Sombras de Silêncio #111

As notícias do descalabro do Corpo Expedicionário Português na Flandres foram céleres a chegar a Portugal. Porém, as certezas eram poucas, dadas as dificuldades na contagem dos mortos, estropiados, capturados e desaparecidos. Apenas no final do mês, Joana foi oficialmente informada que o paradeiro do marido era desconhecido. Os dias e as noites transformaram-se num périplo de dúvidas angustiantes e os sorrisos fortuitos desapareceram. Todos os momentos eram divididos entre uma saudade que lhe apertava o peito e uma indecisão tormentosa sobre o futuro.
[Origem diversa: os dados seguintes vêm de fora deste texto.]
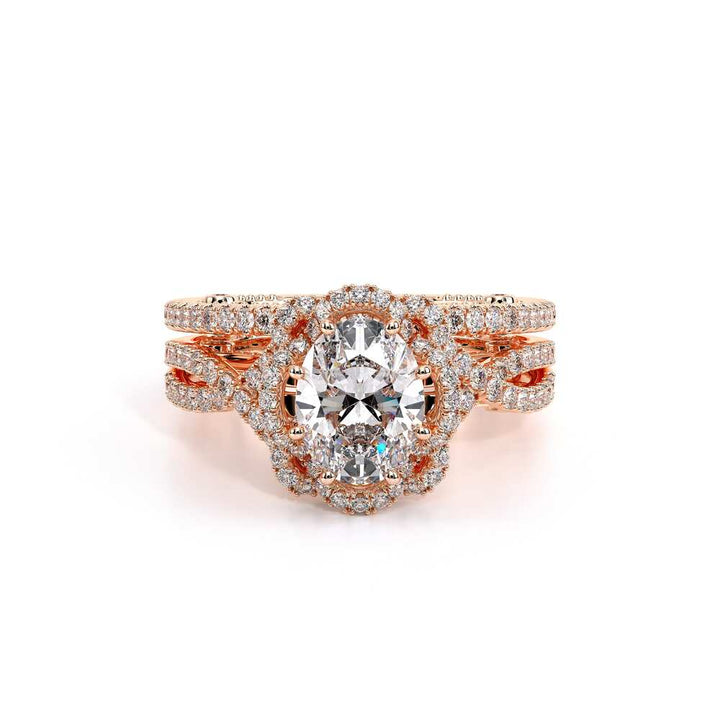 Insignia-7087ov-18k Rose Gold Oval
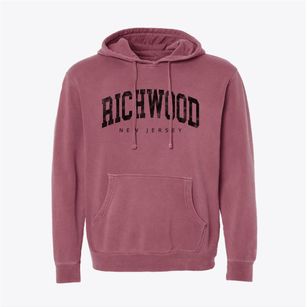 Richwood New Jersey Urban Vibe Pigment-Dyed Hoodie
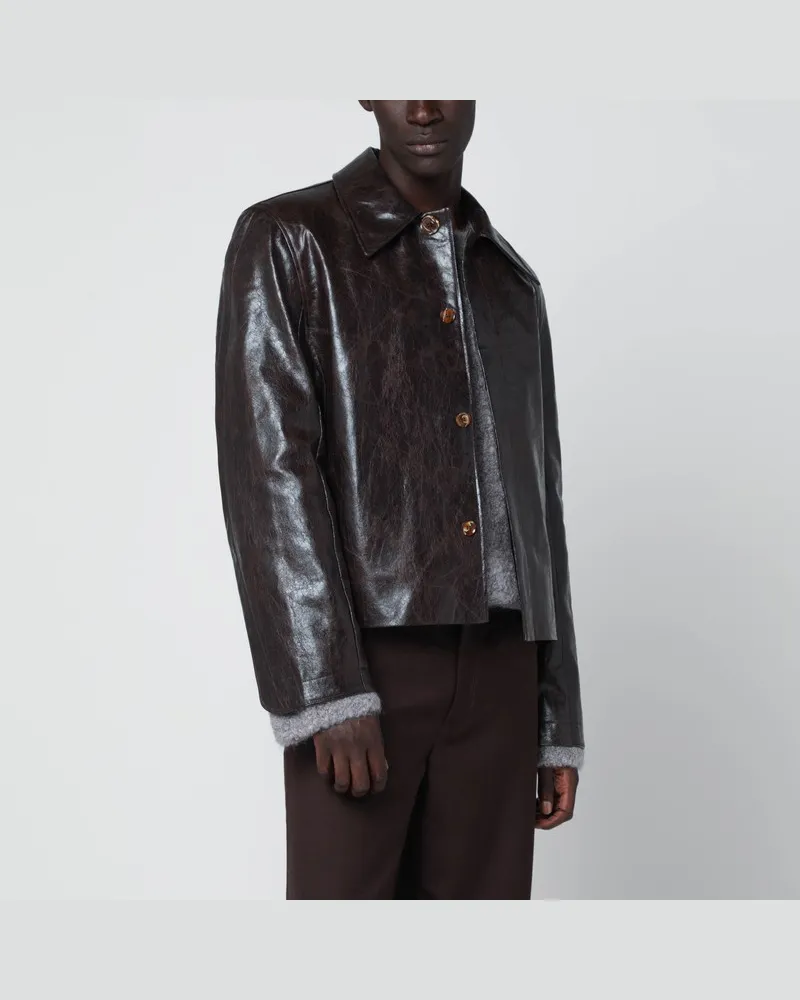 Séfr Keane Jacke braun aus beschichtetem Polyester Braun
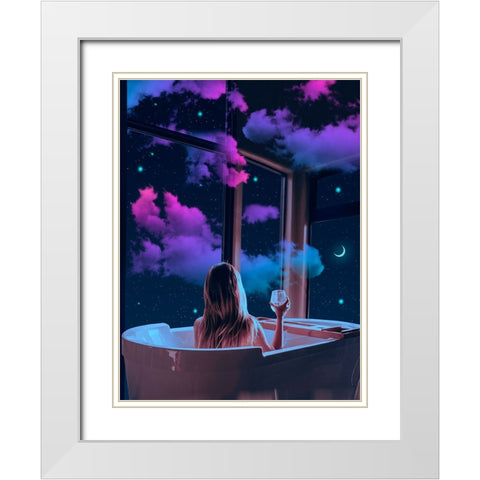 Ethereal Dreams 2 White Modern Wood Framed Art Print with Double Matting by Orozco, Danner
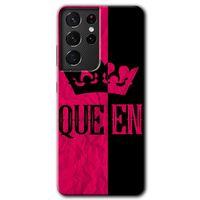 Samsung Galaxy S21 Ultra HD Baskılı Kılıf + 9D Tam Ekran Koruyucu - Queen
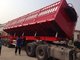 Garden Landscape Dump Truck Trailer With Hydraulic Cylinder Lifting system supplier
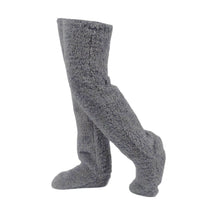 Lena | Flauschige Wintersocken extra weich & warm – Dunkelgrau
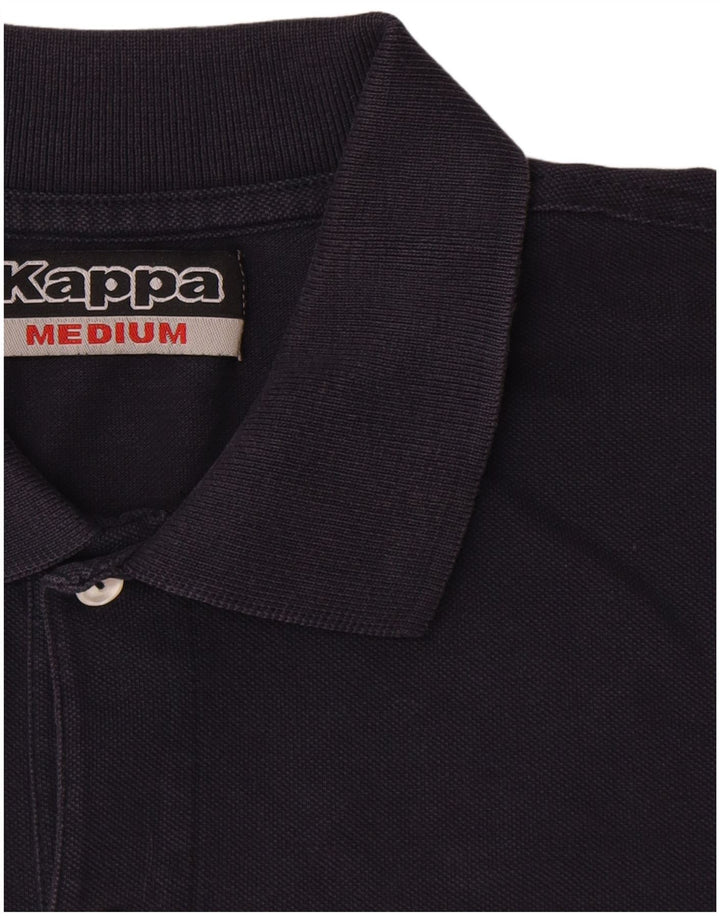 Camisa polo masculina Kappa de algodão azul marinho médio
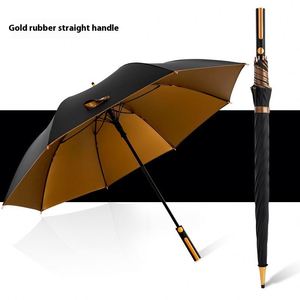 Parapluie de golf professionnel pour homme, double usage, manche long, noir, design droit, pour jours ensoleillés et pluvieux, renforcé, pour adultes, idéal pour les voyages - Product Image 6
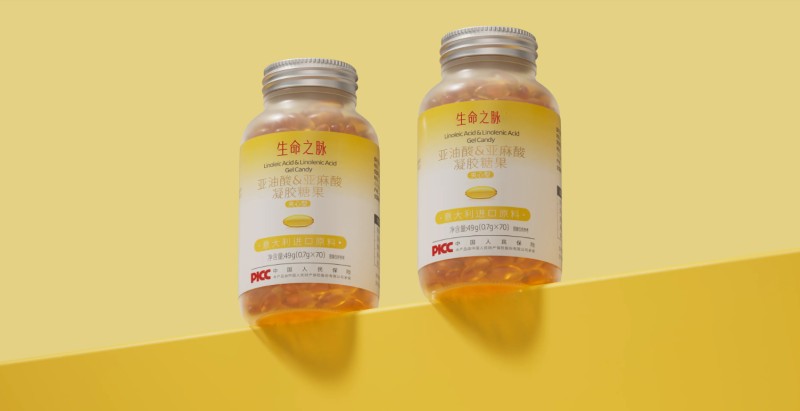亚麻酸凝胶糖果2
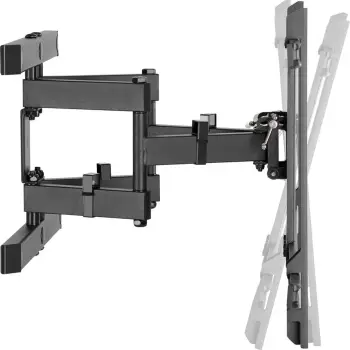 Mbajtëse muri për TV Maclean MC-881, 37-80", VESA 600x400, 60kg, e zezë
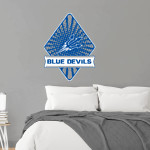 BROCKPORT BLUE DEVILS The Official Online Store <span class="pdp-name-mascot">BROCKPORT BLUE DEVILS</span> Wall Decal - Diamond With Banner Front Thumbnail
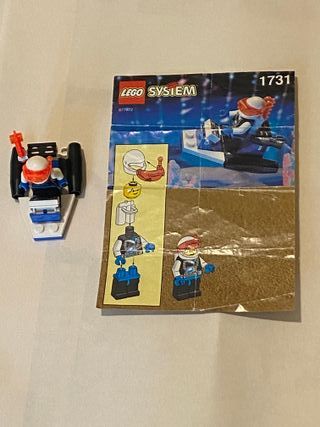 LEGO 1731 Ice Planet Scooter 1994 Completo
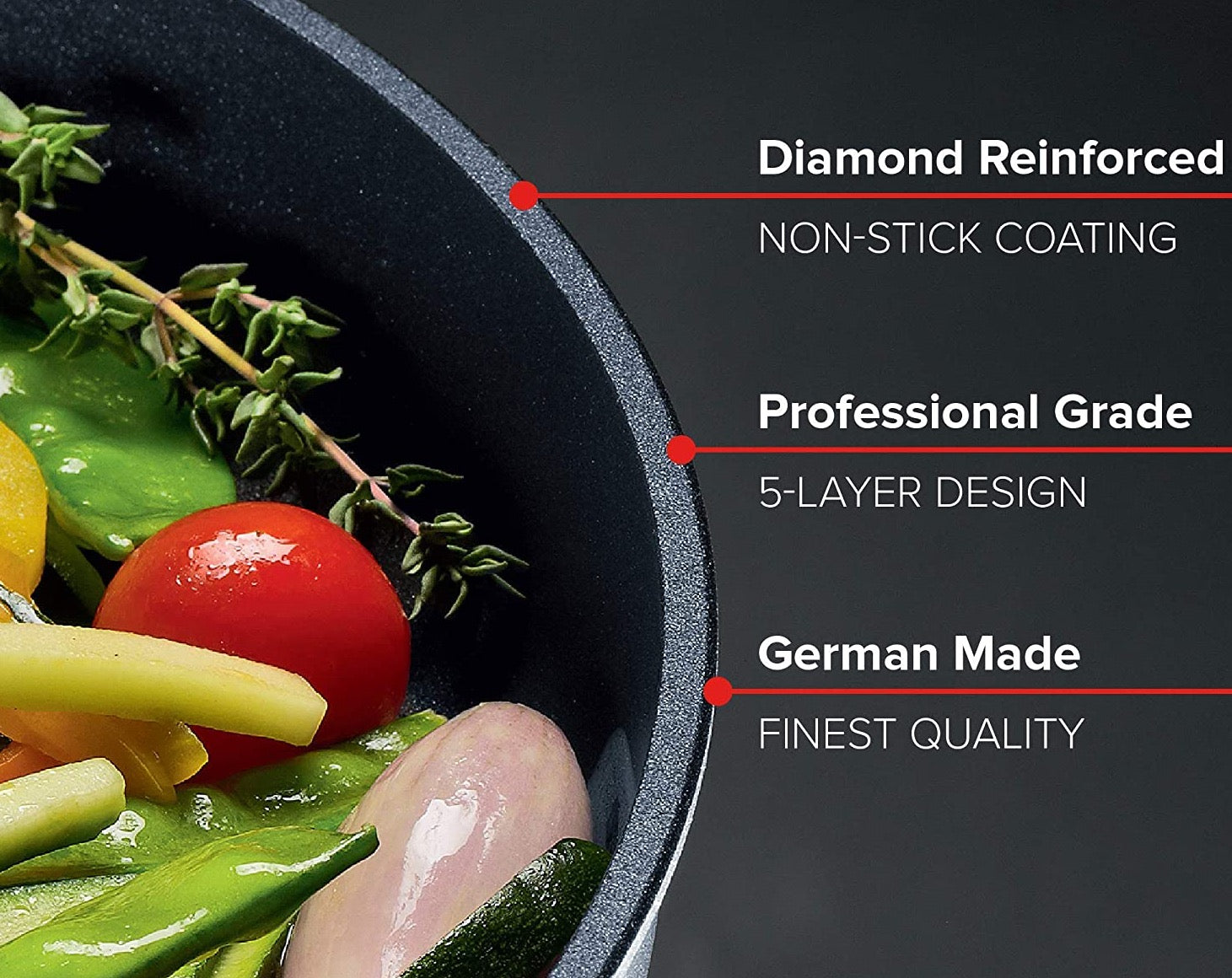 Woll Diamond Lite Detachable Handle Induction Frypan - 24cm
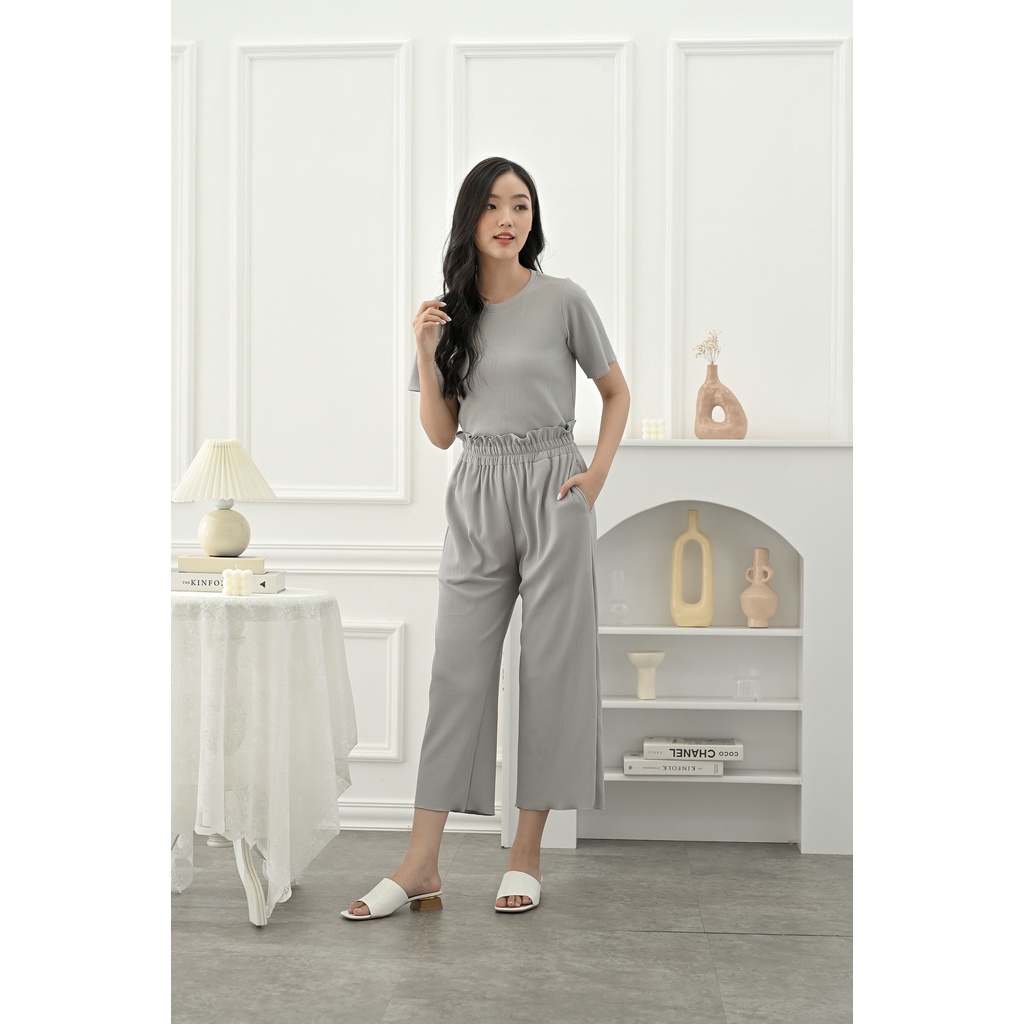 SURRELL - Iris Rib Longpants Set - 4 colors &amp; 3 size | Pakaian Wanita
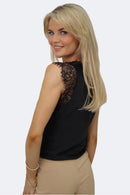 Lauren Lace Cami - Black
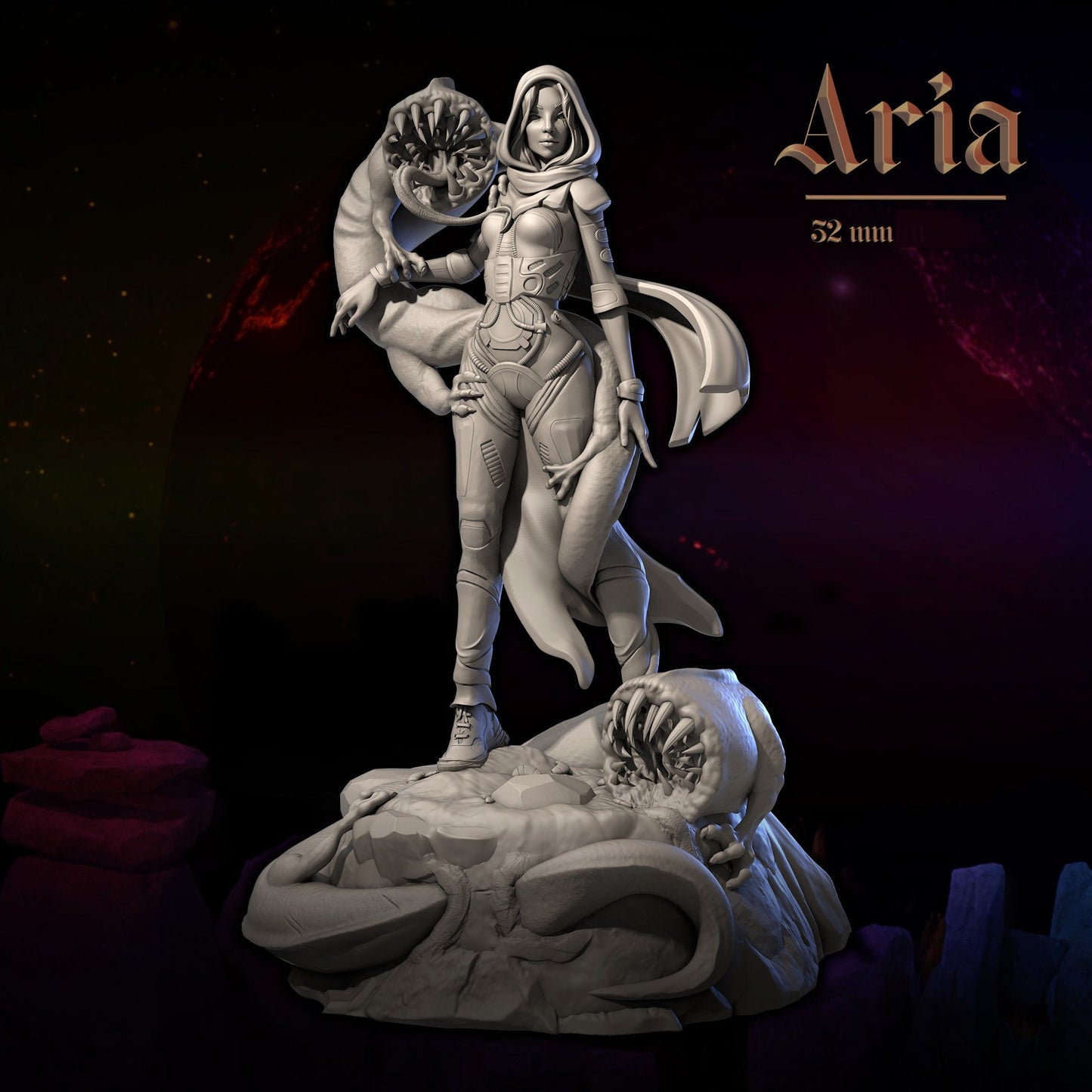 Aria Queen of Worms Tabletop Miniature | Dugeons and Maidens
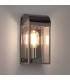 1 Light Outdoor Wall Lantern Polished Nickel IP44, E27 - 1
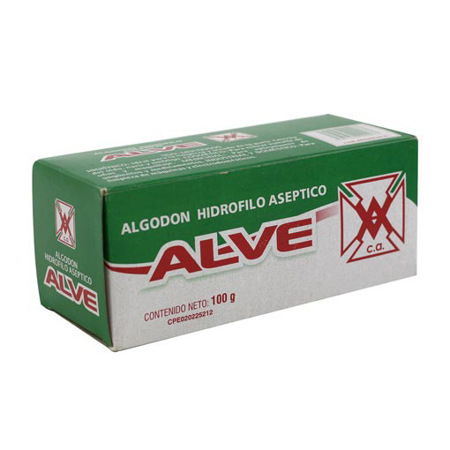ALGODON ALVE 100GR ASEPTICO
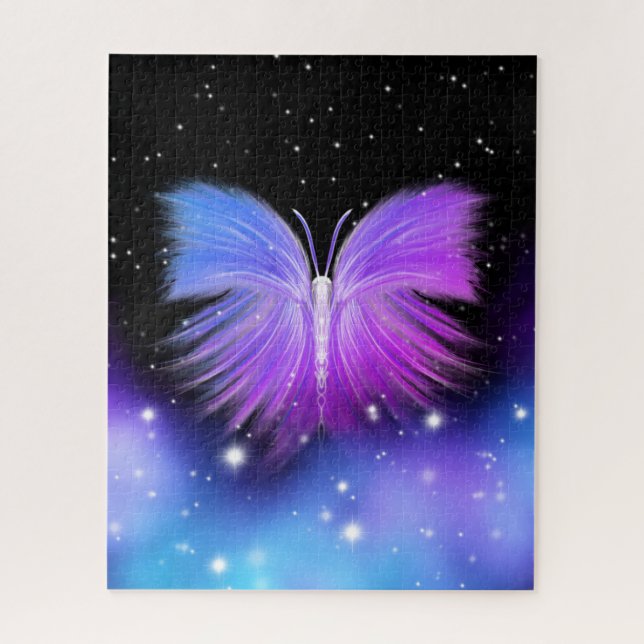 Puzzle Imaginaire spatial Papillon cosmique (Vertical)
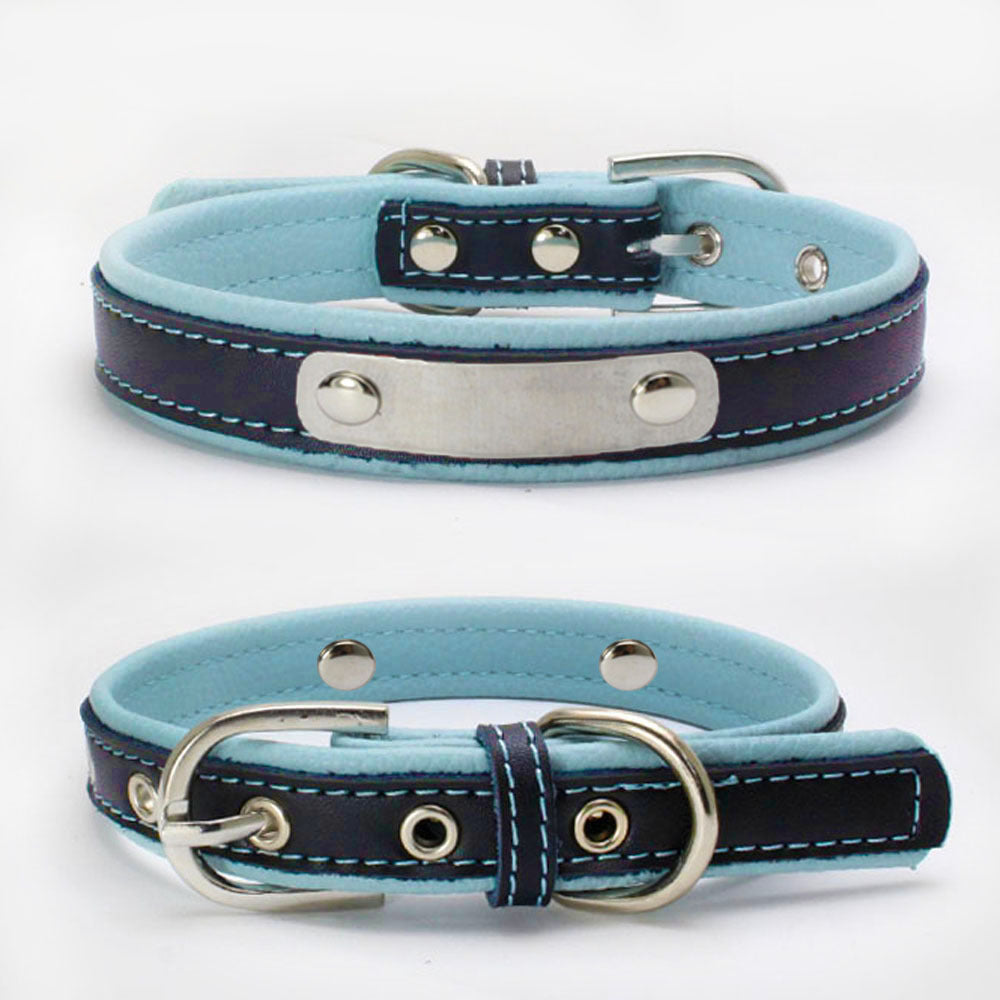 Color Leather Pet Collar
Diariamente, Joana e Miguel desciam até à estação dos correios, entre a uma e as duas da tarde, à espera de um milagre que nunca chegou. Após a vitória dos aliados ocidentais, e algum tempo depois do armistício, a maioria dos soldados lusitanos sobreviventes regressaram à pátria. Muitos outros, por vontade ou por falta de oportunidades, decidiram permanecer em França. Com a passagem inexorável do tempo, a subtil esperança de Joana esfumava-se e desaparecia no ar ao som de uma marcha fúnebre. Contudo, antes de irem dormir, ambos mantinham religiosamente os mesmos hábitos, rezando a Nossa Senhora de Fátima, que voltara a agraciar os pastorinhos com mais aparições e revelações.

Os primeiros dias do ano novo trouxeram ventos frios de saudade, que congelaram Joana em frente à janela da cozinha. Arrebatada por uma frívola esperança, ansiava que o marido surgisse no horizonte escuro. O dia de Reis trouxe um oficial do quartel que se dizia portador de más notícias. Joana agarrou-se ao filho e os dois sentaram-se na curta escadaria da entrada. O homem, sem desmontar do seu cavalo, foi discorrendo os seus pêsames, informando que o corpo tinha sido encontrado já sem vida e fora reconhecido como o «primeiro-sargento Carlos Fernandes», sendo depois sepultado numa aldeia próxima do campo de batalha. O militar desceu depois do cavalo e dirigiu-se a eles, entregando-lhes uma fotografia, a preto e branco, de um campo transformado num cemitério. Notava-se ainda uma pequena tabuleta de madeira onde era visível o nome «Portugal». No verso da fotografia estava escrito «Richebourg», o lugar do sepulcro.

– E qual é a sua campa? – perguntou-lhe Joana, soluçando, com as lágrimas a correm-lhe pela face em rios infinitos de melancolia.

– Isso não sei, mas disseram-me que elas estão identificadas, caso um dia lá queira ir – respondeu o militar, entregando-lhe depois um envelope.